▶ **Exercise materials**:
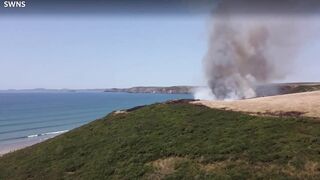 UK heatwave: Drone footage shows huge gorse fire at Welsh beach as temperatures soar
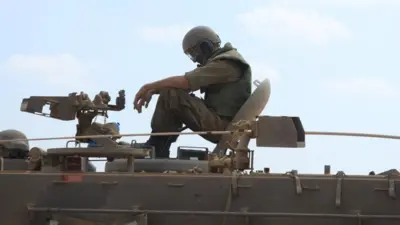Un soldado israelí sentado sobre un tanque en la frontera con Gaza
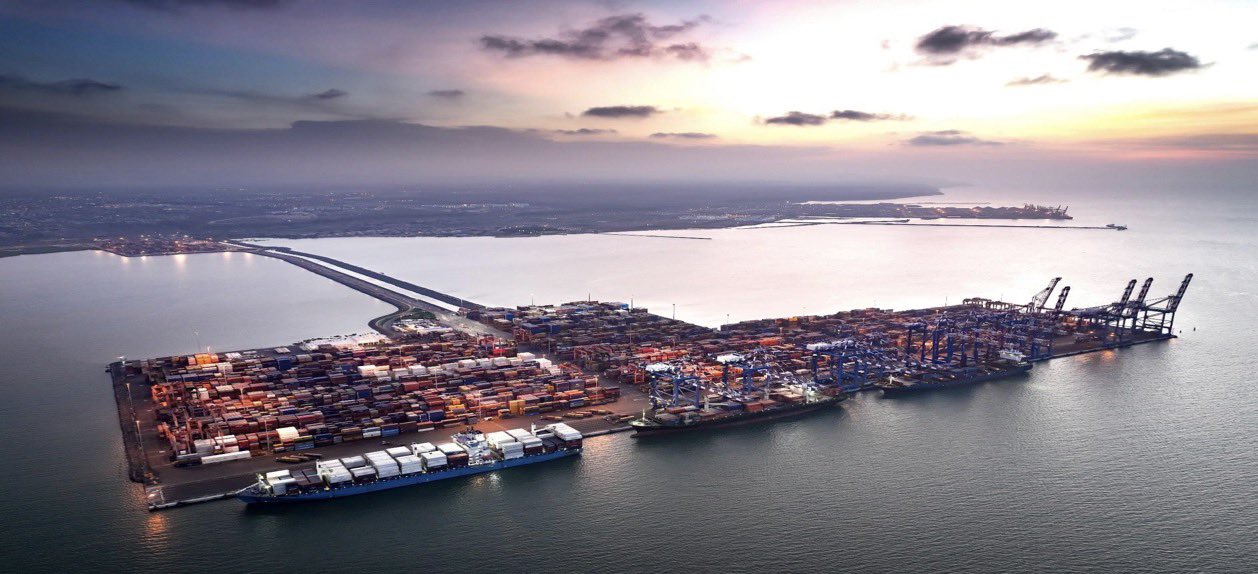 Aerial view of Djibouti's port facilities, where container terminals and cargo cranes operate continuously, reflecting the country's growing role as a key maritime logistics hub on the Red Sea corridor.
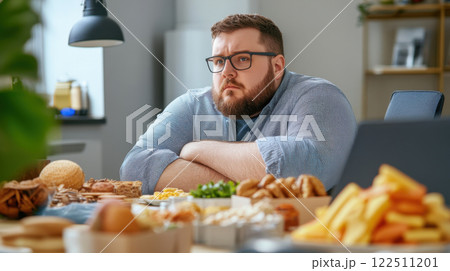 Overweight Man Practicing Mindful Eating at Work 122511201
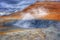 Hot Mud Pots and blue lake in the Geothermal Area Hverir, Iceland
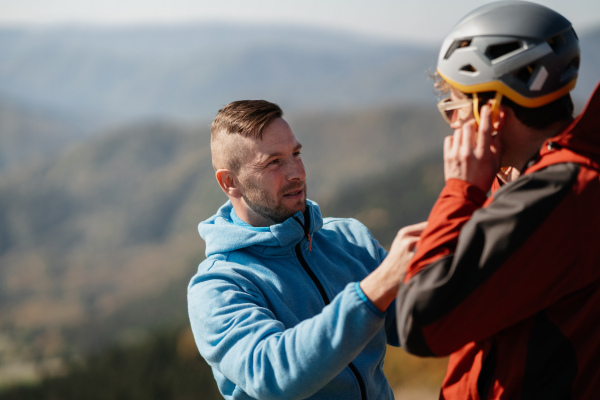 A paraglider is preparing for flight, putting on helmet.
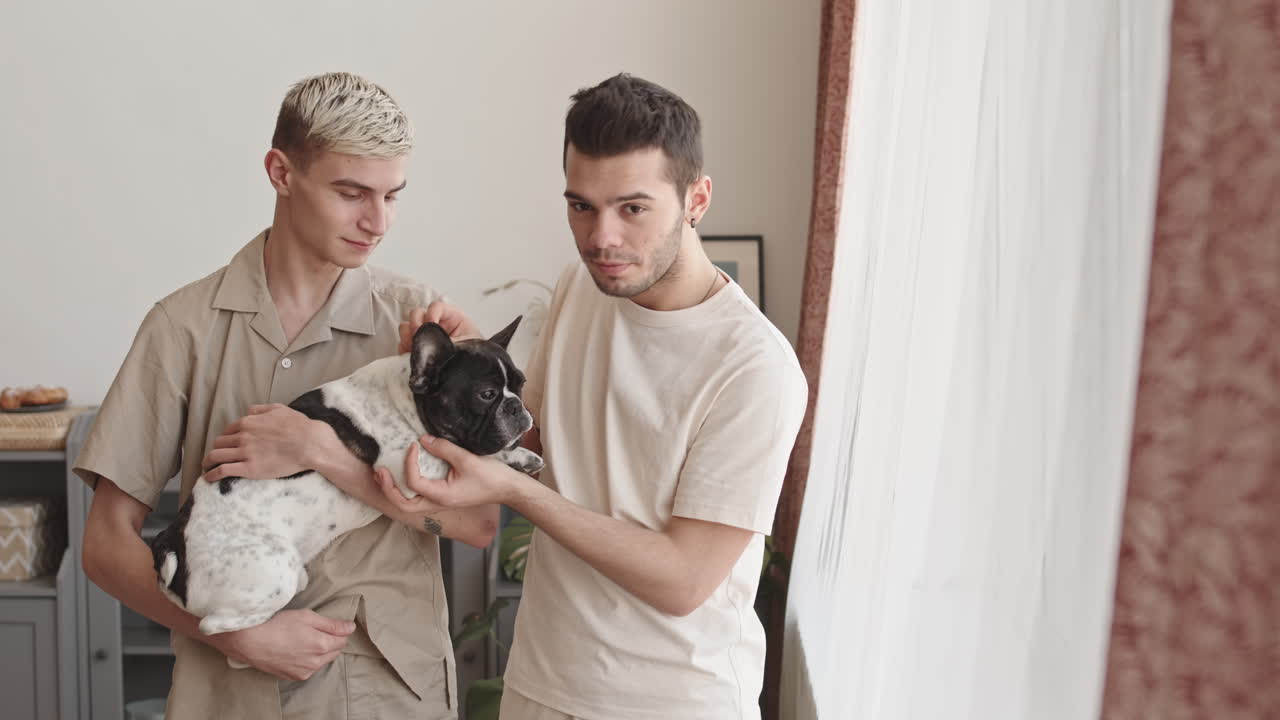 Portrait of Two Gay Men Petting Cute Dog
* * *
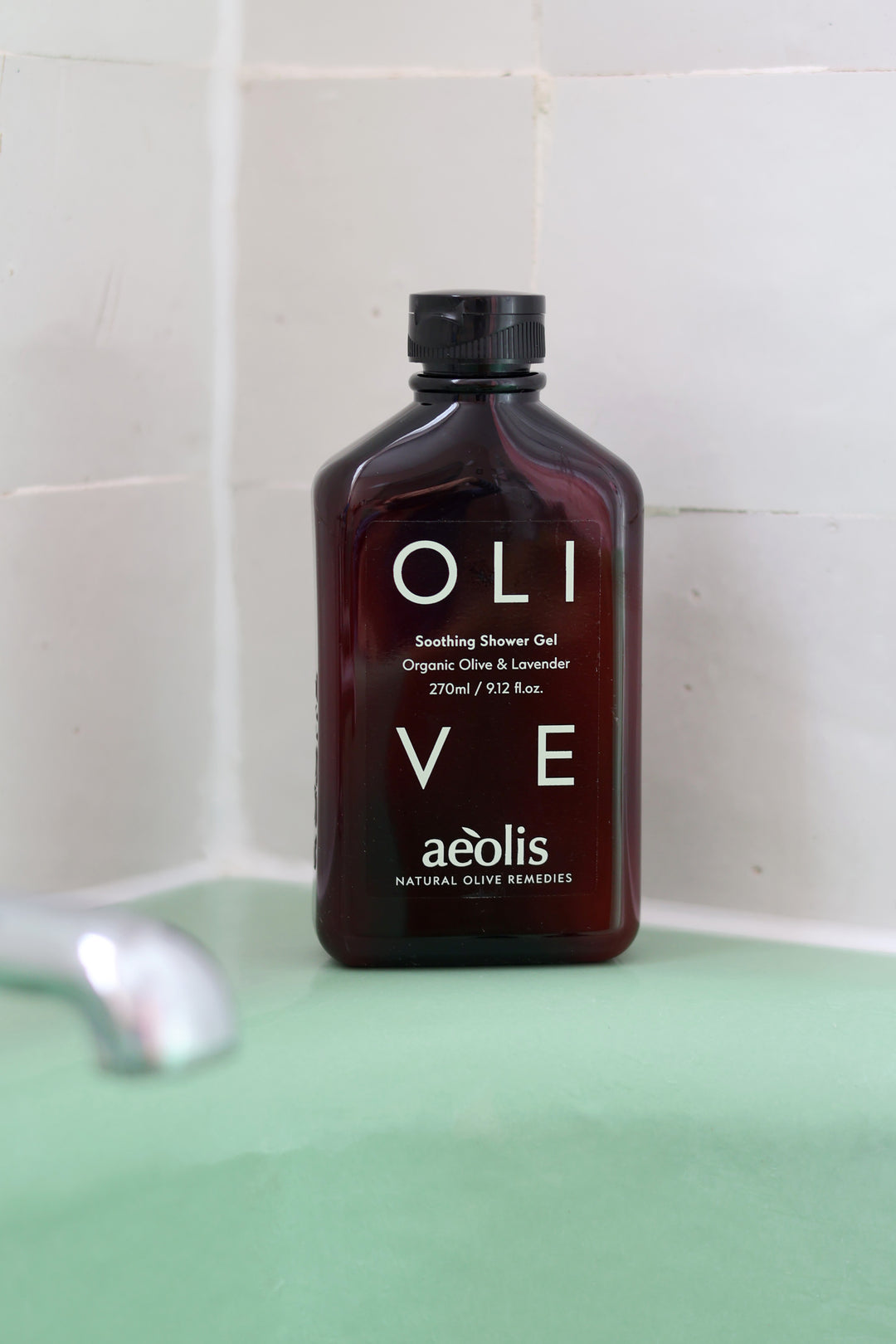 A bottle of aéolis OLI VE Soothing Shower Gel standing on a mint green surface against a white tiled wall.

▶ **Assignment**: In the records above, find the line with "UK heatwave: Drone" and the line with "Portrait of Two Gay Men Petting Cute Dog", then restate word for word only those two lines and all lines between, omitting pictures.

▶ **Task response**:
 UK heatwave: Drone footage shows huge gorse fire at Welsh beach as temperatures soar
Un soldado israelí sentado sobre un tanque en la frontera con Gaza
 Aerial view of Djibouti's port facilities, where container terminals and cargo cranes operate continuously, reflecting the country's growing role as a key maritime logistics hub on the Red Sea corridor.
 Overweight Man Practicing Mindful Eating at Work 122511201
 Hot Mud Pots and blue lake in the Geothermal Area Hverir, Iceland
 A paraglider is preparing for flight, putting on helmet.
 Portrait of Two Gay Men Petting Cute Dog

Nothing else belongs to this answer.